- YOUR ASSIGNMENT -
Below are some entries. Transcribe the lines from the one holding "8个Telegram萝莉群组推荐，超高人气" to the one holding "Discover Try Running", inclusive, but not the pictures among them.

#####

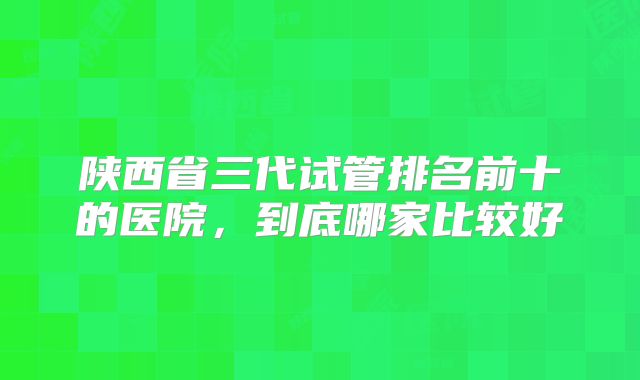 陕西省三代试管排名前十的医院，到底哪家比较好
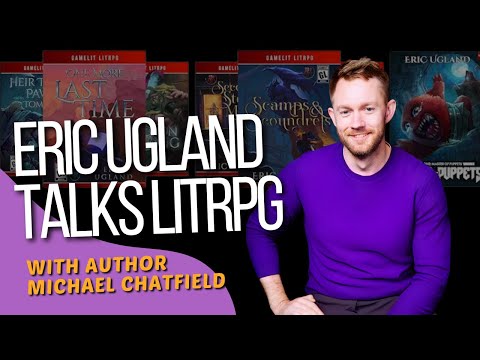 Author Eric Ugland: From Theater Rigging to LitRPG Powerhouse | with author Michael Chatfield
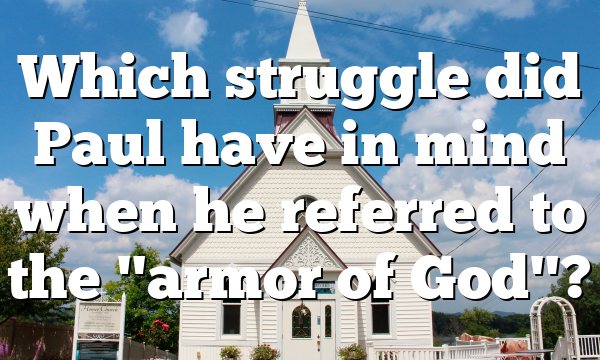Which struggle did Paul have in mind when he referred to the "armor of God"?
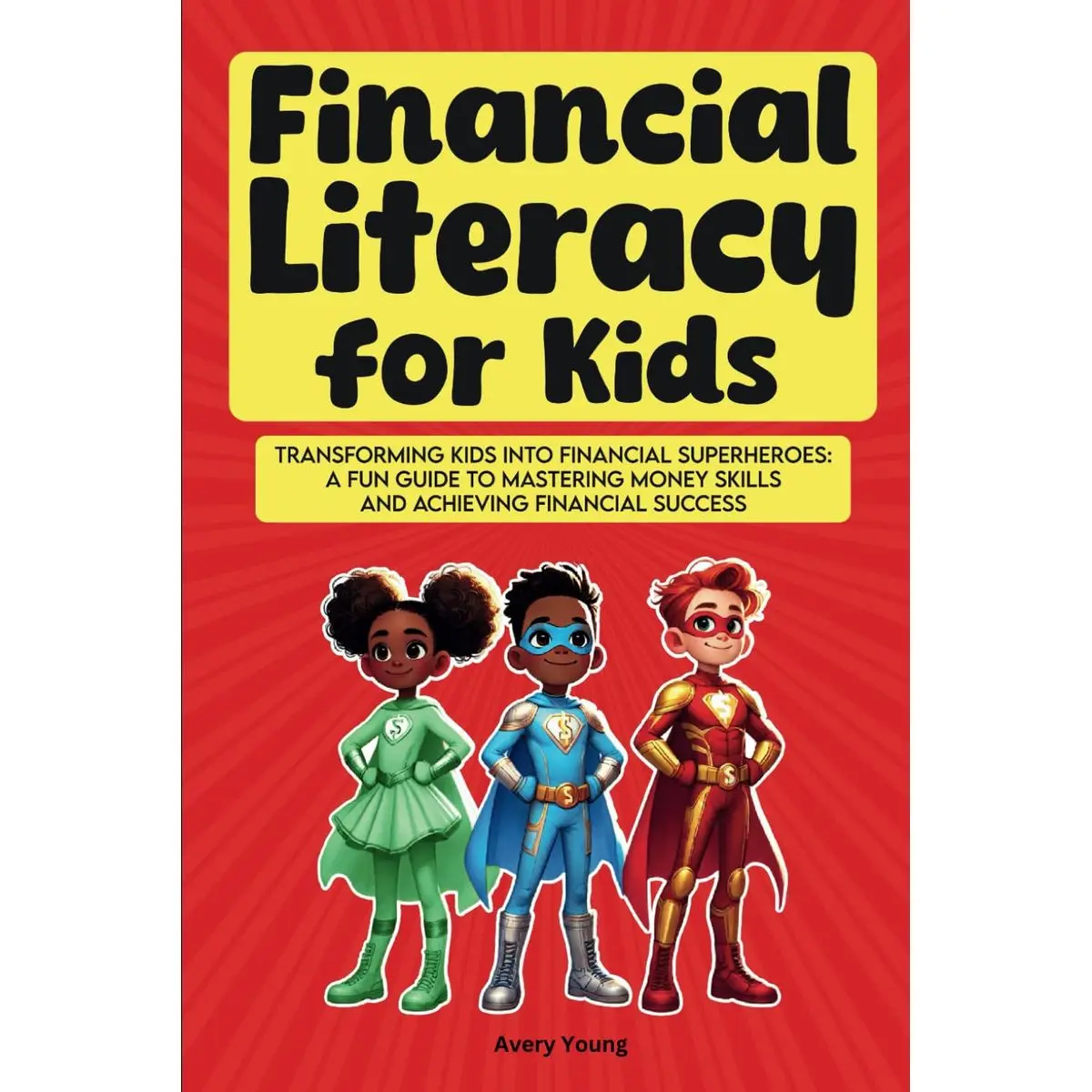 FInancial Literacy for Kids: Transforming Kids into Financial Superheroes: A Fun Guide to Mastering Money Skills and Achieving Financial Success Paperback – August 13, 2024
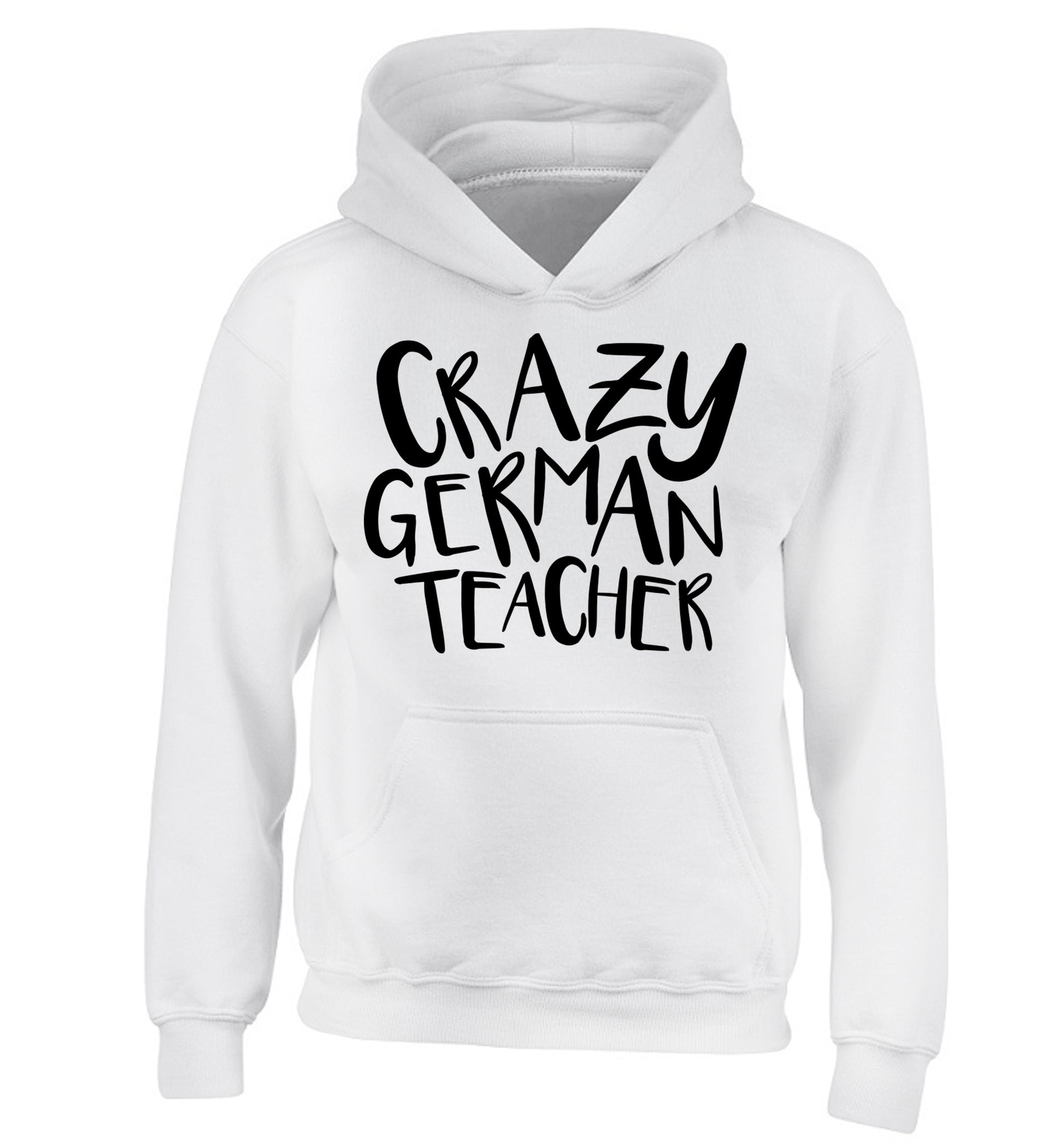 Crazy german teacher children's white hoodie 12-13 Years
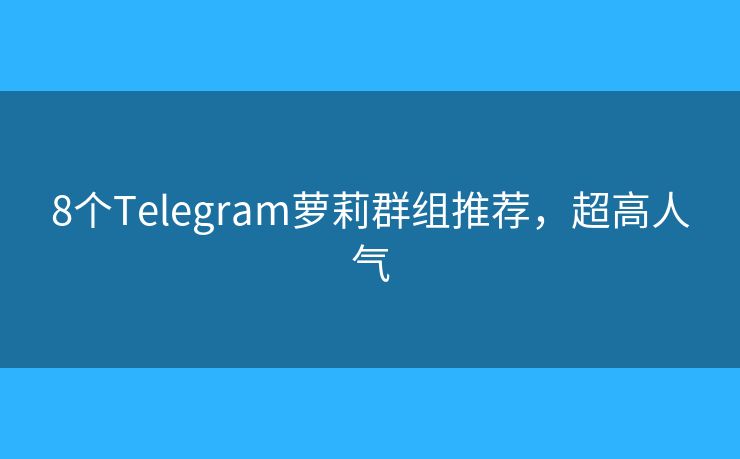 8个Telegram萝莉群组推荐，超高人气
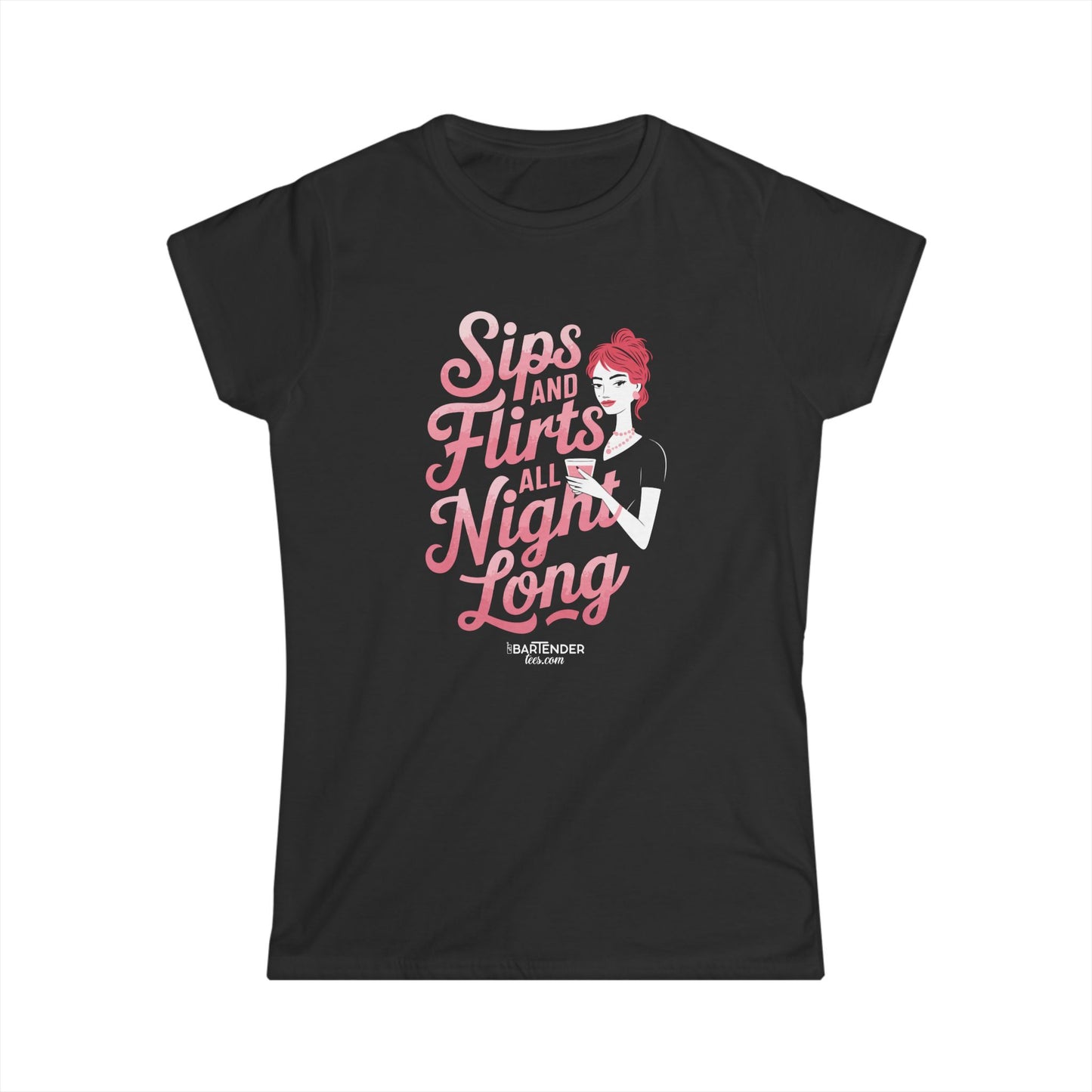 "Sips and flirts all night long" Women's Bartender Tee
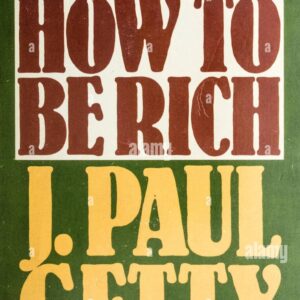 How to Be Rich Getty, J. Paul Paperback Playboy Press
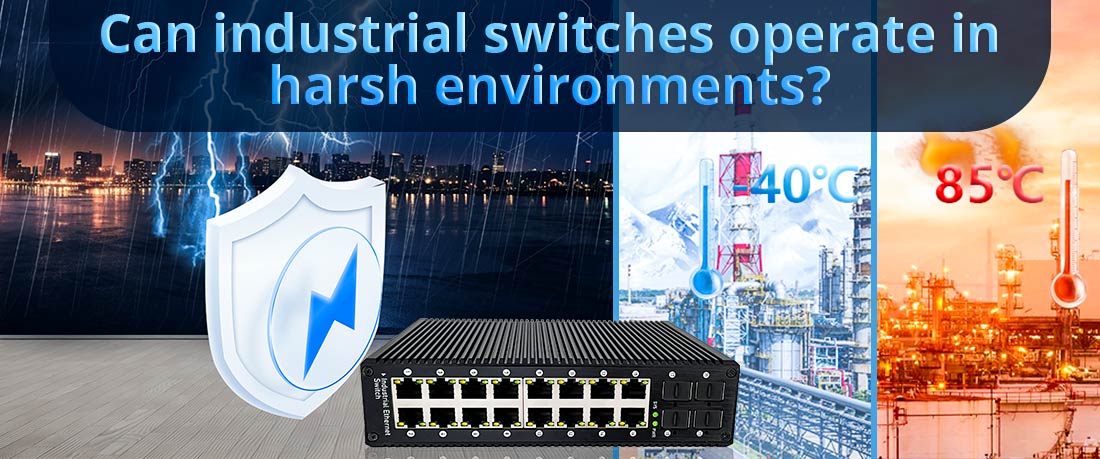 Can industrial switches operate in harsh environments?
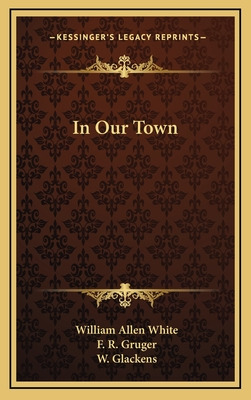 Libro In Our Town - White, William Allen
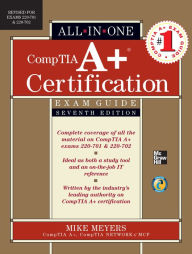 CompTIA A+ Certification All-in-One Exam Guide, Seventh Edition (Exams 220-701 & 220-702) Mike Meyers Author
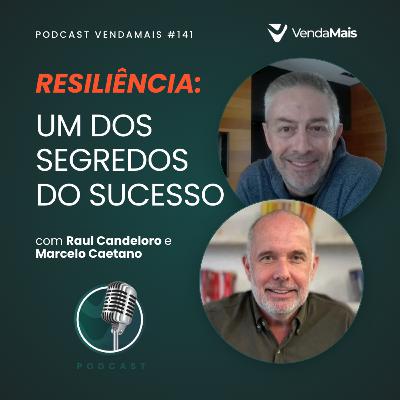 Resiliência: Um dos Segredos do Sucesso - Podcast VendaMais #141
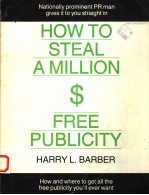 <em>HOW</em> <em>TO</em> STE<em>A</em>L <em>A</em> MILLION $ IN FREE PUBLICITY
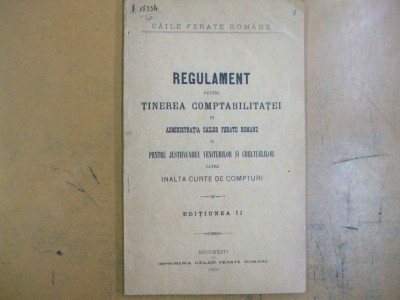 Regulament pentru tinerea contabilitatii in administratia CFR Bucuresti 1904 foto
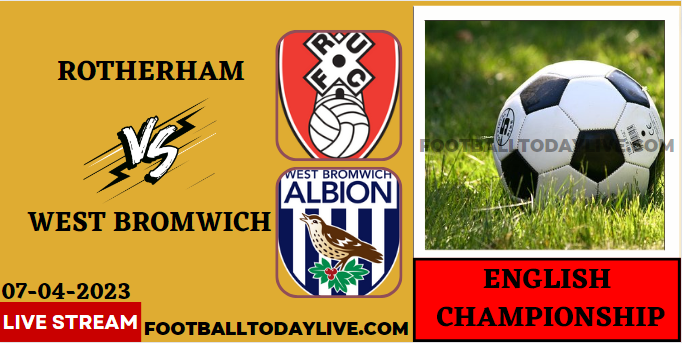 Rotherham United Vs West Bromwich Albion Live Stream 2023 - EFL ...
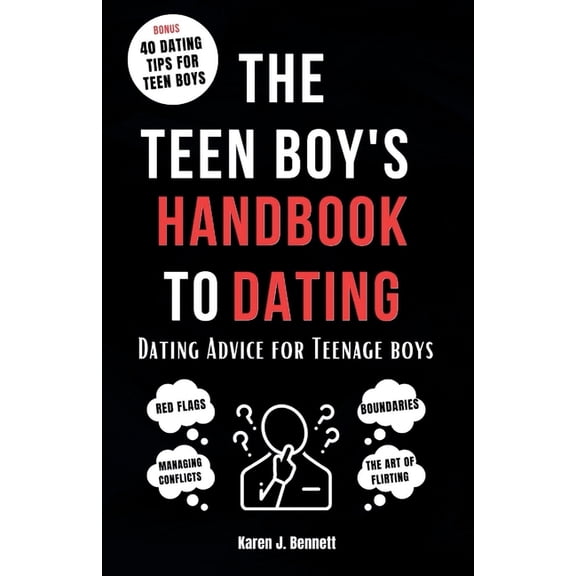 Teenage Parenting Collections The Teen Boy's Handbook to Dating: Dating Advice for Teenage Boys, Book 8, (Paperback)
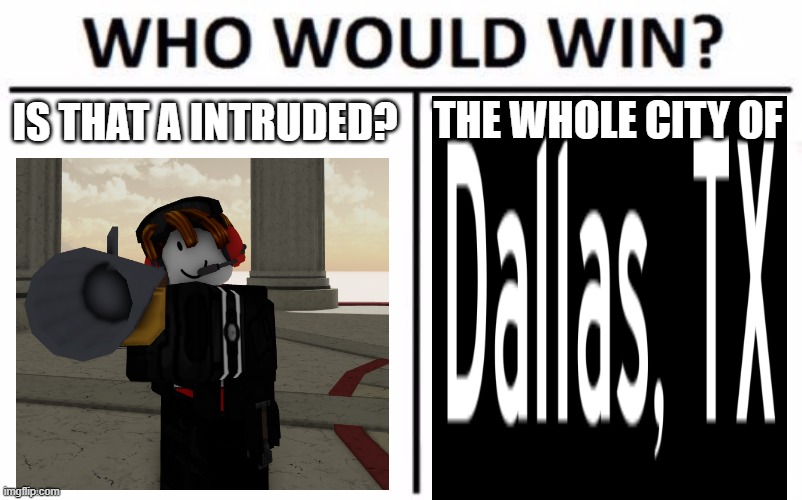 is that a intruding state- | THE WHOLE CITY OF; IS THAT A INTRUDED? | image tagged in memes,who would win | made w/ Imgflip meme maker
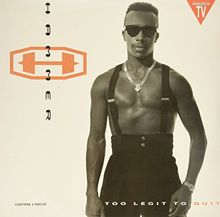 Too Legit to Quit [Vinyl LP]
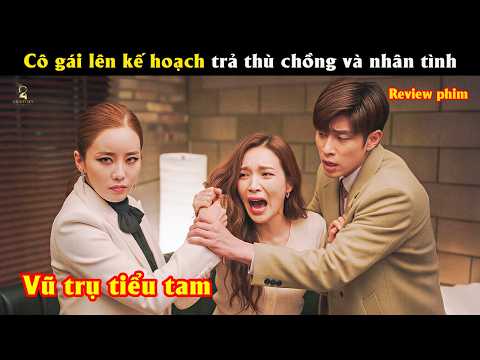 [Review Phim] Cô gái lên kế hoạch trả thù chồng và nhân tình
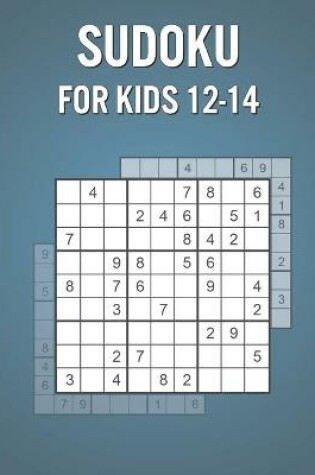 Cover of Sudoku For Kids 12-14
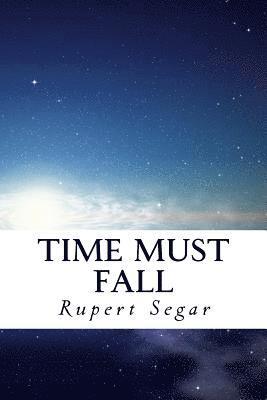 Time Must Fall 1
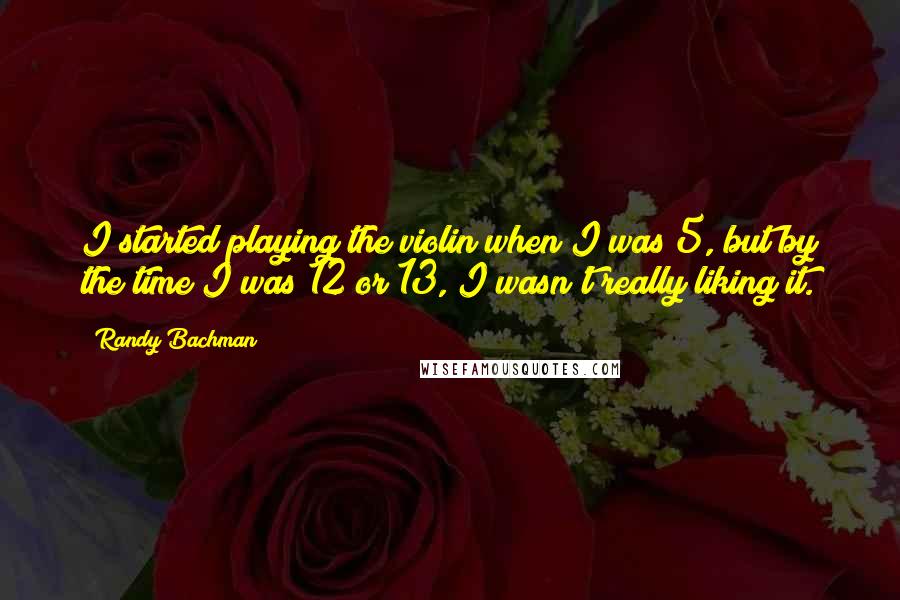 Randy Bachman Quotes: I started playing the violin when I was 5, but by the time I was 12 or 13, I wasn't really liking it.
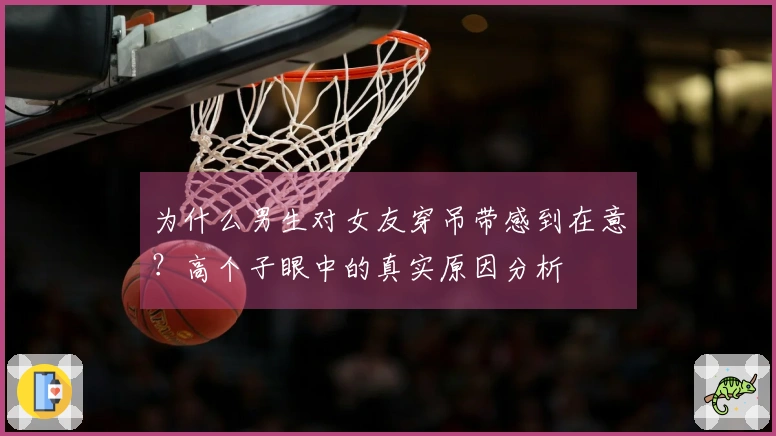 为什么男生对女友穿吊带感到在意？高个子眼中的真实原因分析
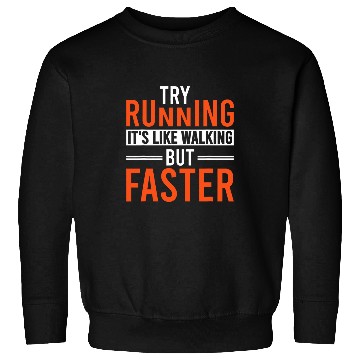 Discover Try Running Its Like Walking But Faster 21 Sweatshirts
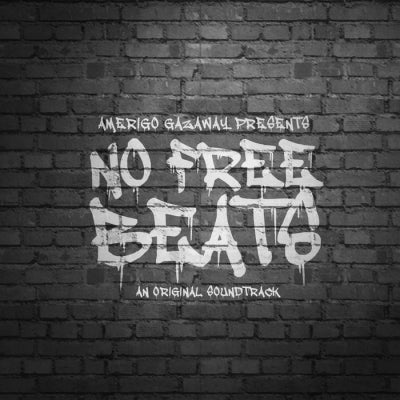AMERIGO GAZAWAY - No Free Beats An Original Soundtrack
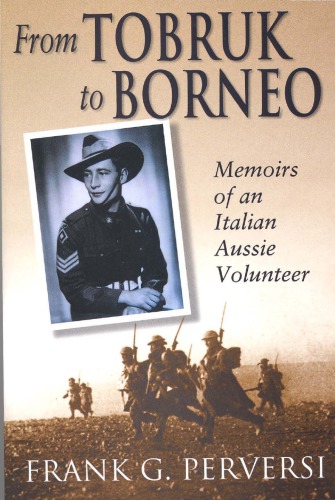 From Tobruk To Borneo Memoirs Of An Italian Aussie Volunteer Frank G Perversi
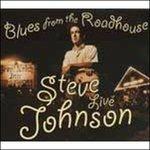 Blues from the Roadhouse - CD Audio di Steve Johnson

#####

- RESULT -
 8个Telegram萝莉群组推荐，超高人气
 "Sips and flirts all night long" Women's Bartender Tee
 How to Be Rich Getty, J. Paul Paperback Playboy Press
 Can industrial switches operate in harsh environments?
 Libro In Our Town - White, William Allen
 CompTIA A+ Certification All-in-One Exam Guide, Seventh Edition (Exams 220-701 & 220-702) Mike Meyers Author
 Resiliência: Um dos Segredos do Sucesso - Podcast VendaMais #141
 <em>HOW</em> <em>TO</em> STE<em>A</em>L <em>A</em> MILLION $ IN FREE PUBLICITY
 Regulament pentru tinerea contabilitatii in administratia CFR Bucuresti 1904 foto
 Rotherham United Vs West Bromwich Albion Live Stream 2023 - EFL ...
 Teenage Parenting Collections The Teen Boy's Handbook to Dating: Dating Advice for Teenage Boys, Book 8, (Paperback)
 is that a intruding state- | THE WHOLE CITY OF; IS THAT A INTRUDED? | image tagged in memes,who would win | made w/ Imgflip meme maker
 Too Legit to Quit [Vinyl LP]
 [Review Phim] Cô gái lên kế hoạch trả thù chồng và nhân tình
 Cover of Sudoku For Kids 12-14
 Time Must Fall 1
 Randy Bachman Quotes: I started playing the violin when I was 5, but by the time I was 12 or 13, I wasn't really liking it.
 为什么男生对女友穿吊带感到在意？高个子眼中的真实原因分析
 Discover Try Running Its Like Walking But Faster 21 Sweatshirts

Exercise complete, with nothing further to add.